SD Stockgrowers voice opposition to mandatory electronic ID proposal
SD Stockgrowers Association reaffirmed their opposition to a mandatory electronic identification requirement after USDA released their recommendations for an expanded program in Denver last week. The recommendations included a proposal requiring all breeding age cattle to carry an electronic identification tag within the next five years.
“We were opposed to this when it was NAIS, and we’re opposed to it now,” said SD Stockgrowers Animal ID Committee Chair Kenny Fox. “USDA continues to push this even when producers clearly said that we don’t want it and don’t need it.”
“USDA has been pushing this crazy mandate for years, but they still can’t tell us what it will cost, how they are going to keep the data safe, or deal with liability that’s going to fall on producers and sale barns. We don’t need this kind of program when our current system is working to keep our herds healthy.”
Current USDA Animal Disease Traceability (ADT) requires individual identification of any cattle over the age of 18 months traveling across state lines. That is being accomplished with metal NUES tags, brand inspection, health certificates and voluntary use of electronic ID for some producers. Compliance with those standards varies across the country.

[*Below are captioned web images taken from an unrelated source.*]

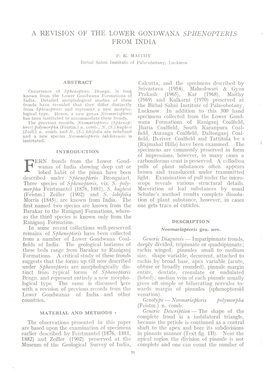 A Revision of the Lower Gondwana Sphenopteris from India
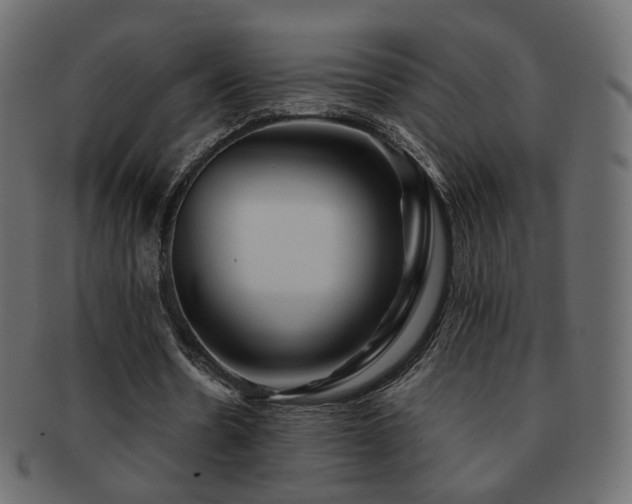 X0000092310530200709141355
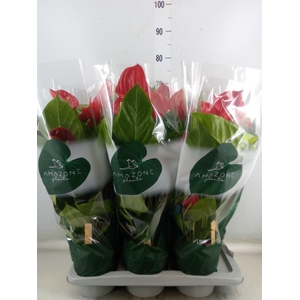 Anthurium andr. 'Melodia'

USDA’s proposed electronic mandate would apply to the same category of cattle over the age of 18 months but mandate that no other identification method, other than electronic, would be allowed for interstate movement or change of ownership. While electronic identification tied to a federal premise registration number has been available on a voluntary basis for years, USDA estimates that less than twenty-percent of all beef cattle in the U.S. are currently using voluntary electronic identification in their cattle herds. The majority of those producers are doing so for management practices, not disease traceability.
SD Stockgrowers Executive Director Silvia Christen attended the meetings in Denver where USDA revealed their recommendations. “We have serious questions about the cost to our livestock producers, veterinarians and the auction markets. The infrastructure systems needed to read and record tags and keep cattle moving is a huge project, and then there’s the question of the database and computer systems that would house all of that data. How does USDA propose we keep that safe, protect producer privacy and control liability issues? We’re asking USDA to take these concerns seriously and put the brakes on this proposal.”
Fox said, “Our members attended most of the listening sessions that USDA held this spring and from what we heard, producers were pretty clear that they don’t want this. USDA needs to listen to what we’re telling them and stop with this heavy handed mandate.”